***** PROVIDED RECORDS *****
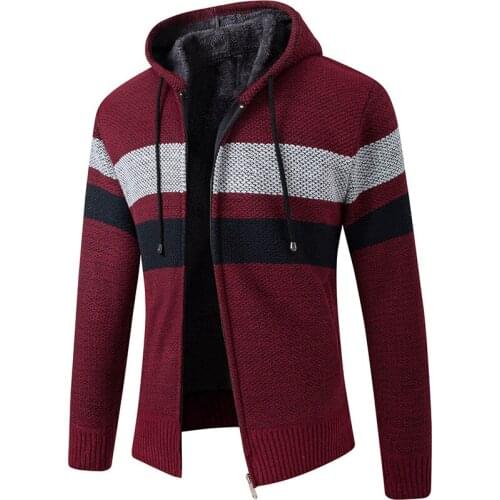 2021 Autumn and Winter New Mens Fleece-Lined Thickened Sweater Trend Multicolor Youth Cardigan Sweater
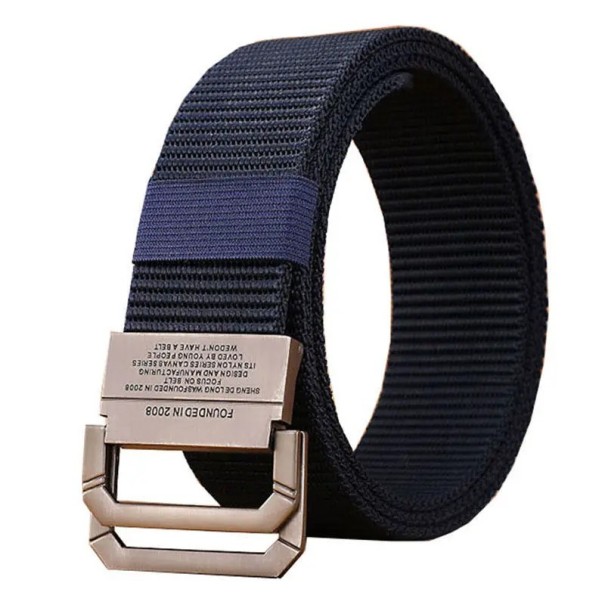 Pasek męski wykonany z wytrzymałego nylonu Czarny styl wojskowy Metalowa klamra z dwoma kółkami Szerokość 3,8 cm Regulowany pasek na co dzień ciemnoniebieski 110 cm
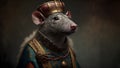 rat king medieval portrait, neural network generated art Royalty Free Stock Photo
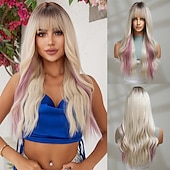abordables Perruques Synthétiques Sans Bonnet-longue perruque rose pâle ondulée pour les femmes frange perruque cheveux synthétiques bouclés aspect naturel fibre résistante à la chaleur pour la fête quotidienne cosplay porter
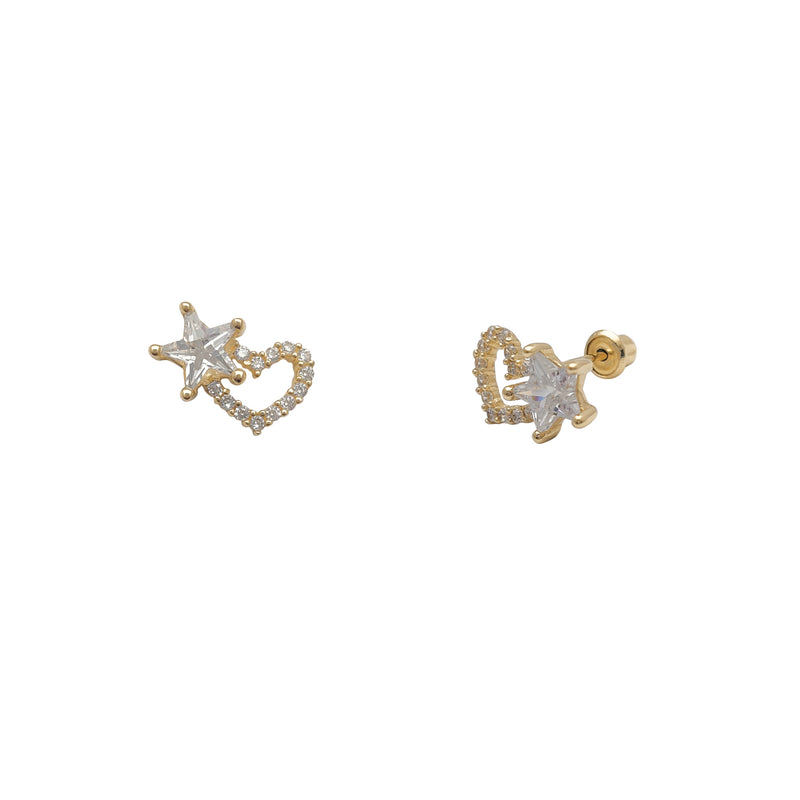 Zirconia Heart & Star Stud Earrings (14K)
*****
**TASK OBJECTIVE**: Print each record exactly as it stands, skipping the pictures.

**FINAL ANSWER**:
 2021 Autumn and Winter New Mens Fleece-Lined Thickened Sweater Trend Multicolor Youth Cardigan Sweater
 Pasek męski wykonany z wytrzymałego nylonu Czarny styl wojskowy Metalowa klamra z dwoma kółkami Szerokość 3,8 cm Regulowany pasek na co dzień ciemnoniebieski 110 cm
 rat king medieval portrait, neural network generated art Royalty Free Stock Photo
abordables Perruques Synthétiques Sans Bonnet-longue perruque rose pâle ondulée pour les femmes frange perruque cheveux synthétiques bouclés aspect naturel fibre résistante à la chaleur pour la fête quotidienne cosplay porter
 Zirconia Heart & Star Stud Earrings (14K)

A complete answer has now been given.